[MATERIAL PROVIDED Boundary: Start]

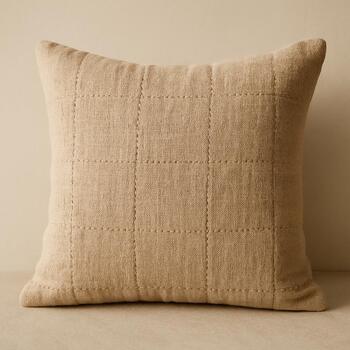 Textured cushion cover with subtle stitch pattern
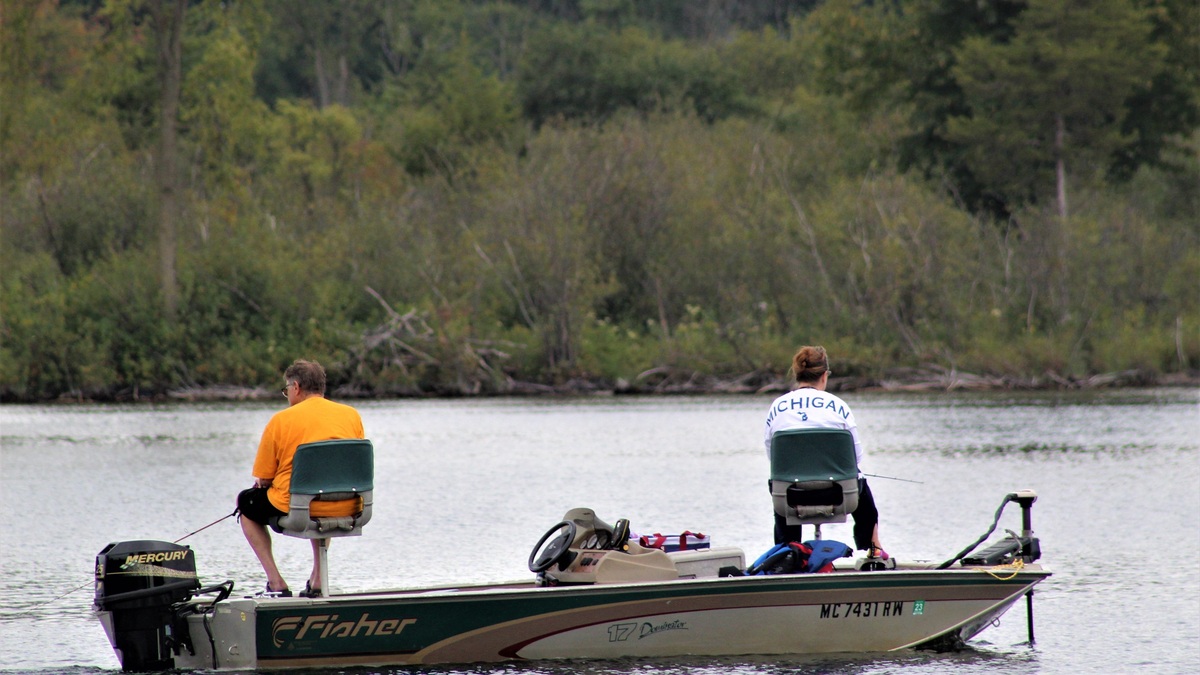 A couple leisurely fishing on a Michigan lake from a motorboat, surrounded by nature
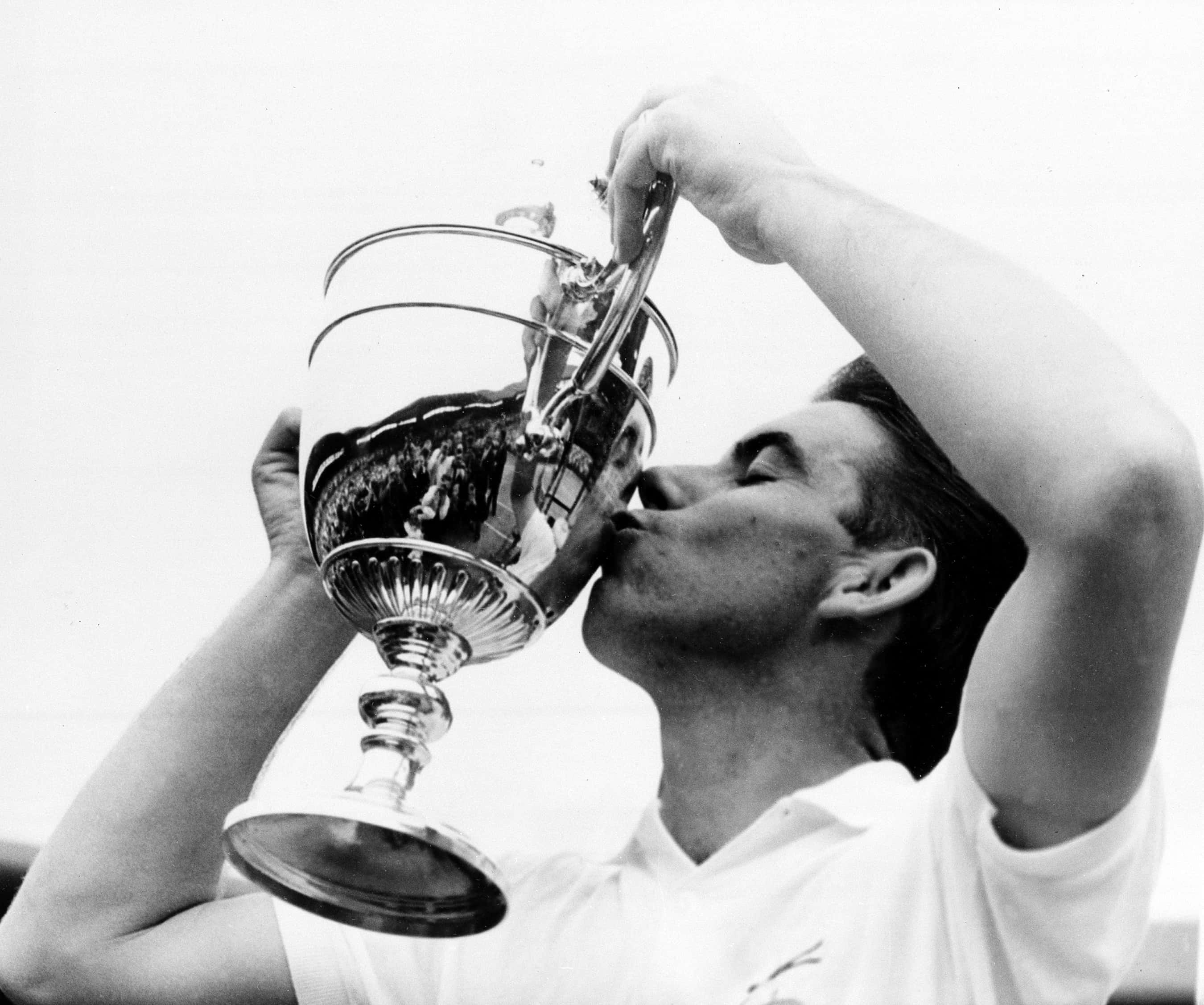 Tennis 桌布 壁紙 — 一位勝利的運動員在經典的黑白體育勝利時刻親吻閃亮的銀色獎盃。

[MATERIAL PROVIDED Boundary: End]

TASK REQUIREMENTS: One exact copy of the data is required, and it should hold no pictures.

YOUR SOLUTION:
 Textured cushion cover with subtle stitch pattern
 A couple leisurely fishing on a Michigan lake from a motorboat, surrounded by nature
 Tennis 桌布 壁紙 — 一位勝利的運動員在經典的黑白體育勝利時刻親吻閃亮的銀色獎盃。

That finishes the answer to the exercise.